Counsel for Gill, Pauline Walley SC, said her client was described by an experienced drugs-squad garda as “a safe, disposable man for a major gangland criminal”.
This man was described as a “high ranking criminal” and a “major figure” who was “respected in the criminal fraternity”, Ms Walley said.
She said Gill had been “targetted” and "used" as somebody who had never come onto the garda radar before and who had been active in the local community.
The garda accepted that Gill had been put under fear, Ms Walley said, and fear was his human frailty.
Gill had a lengthy involvement in sport, Mr Justice Mahon said, and had been appointed coach of a local club in 2010.
Mr Justice Mahon said the Circuit Court judge appropriately determined that there were exceptional circumstances in this case which permitted him to depart from the 10 year mandatory minimum sentence for possession of drugs worth more than €13k.
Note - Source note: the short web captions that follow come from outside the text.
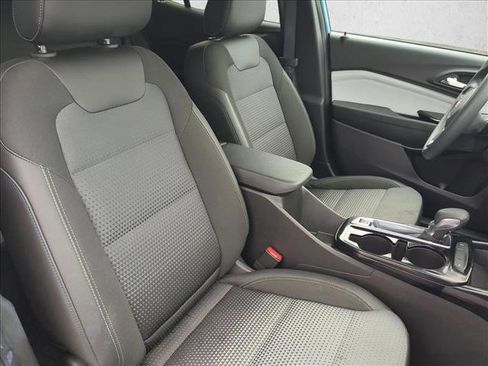 Certified 2025 Chevrolet Trax LT image 25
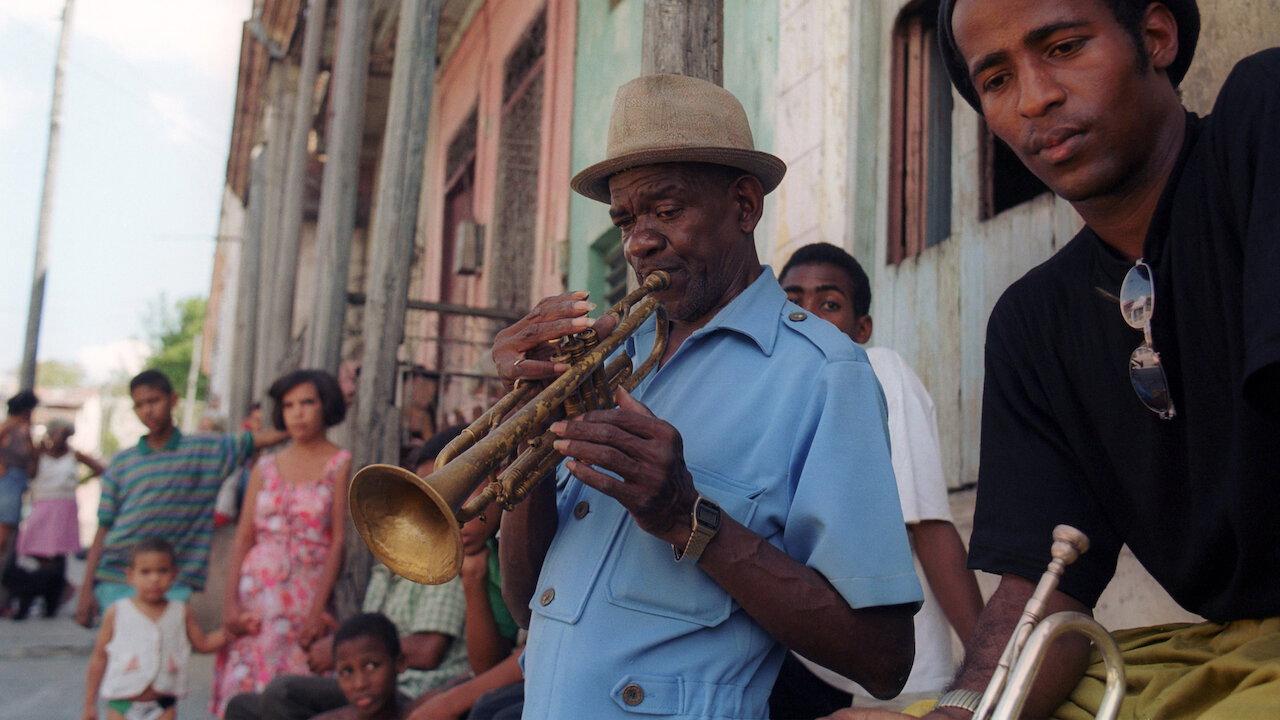 Cuba Feliz 2002 movie scene
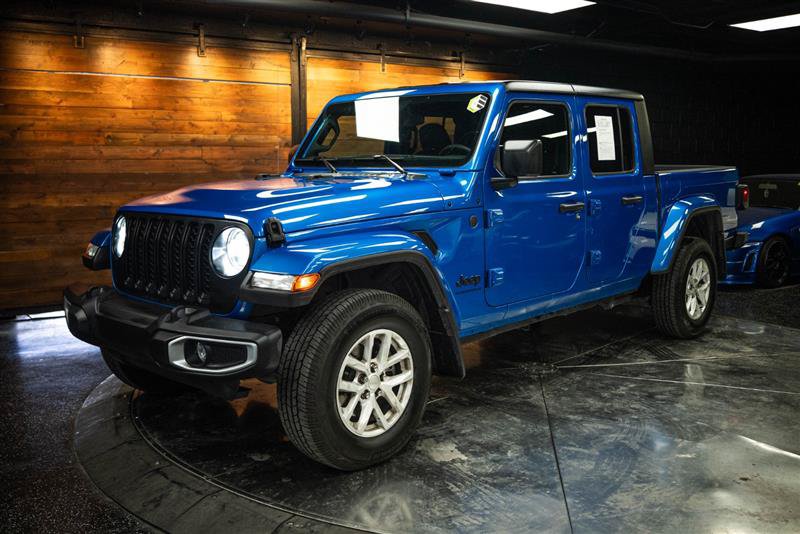 Used 2023 Jeep Gladiator Sport AWD/4WD image 2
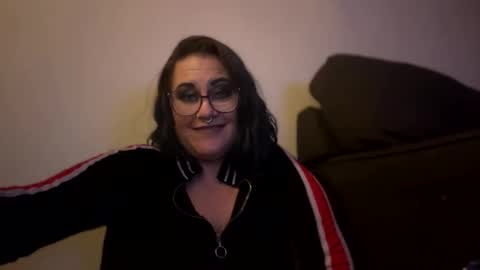 Snapshot of lickmelolliee chatting on 12/14/24, 09:18 AllieAustyn online show from 12/14/24, 09:18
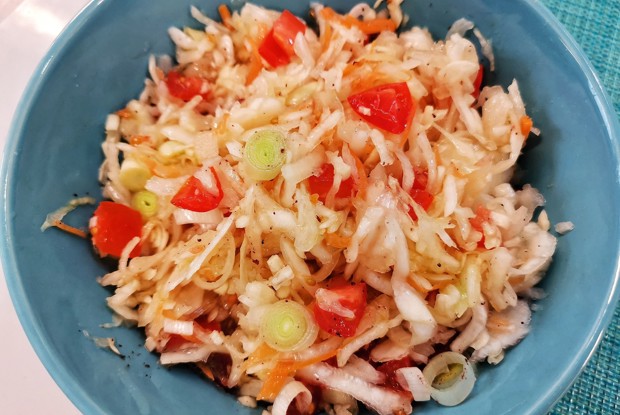 Салат из квашеной капусты с помидором и луком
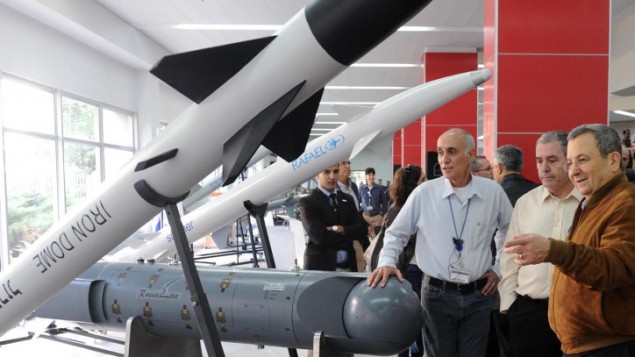 وزير الدفاع لاسابق اهود باراك يزور مصنع الاسلحة ’رافال, في 27 نوفمبر 2012 (Alon Bason/Defense Ministry/Flash90)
The sentencing judge had mentioned all of the mitigating factors and the likelihood that Gill would not involve himself in criminal activity again, Mr Justice Mahon said.
While seven years was possibly at the upper end for this offence and this offender, Mr Justice Mahon said, the sentence could not be held to be excessive or amounting to an error in principle.
Accordingly, Mr Justice Mahon, who sat with Mr Justice Garrett Sheehan and Mr Justice John Edwards, dismissed the appeal.
There was a large number of family and supporters in court for Gill for the hearing.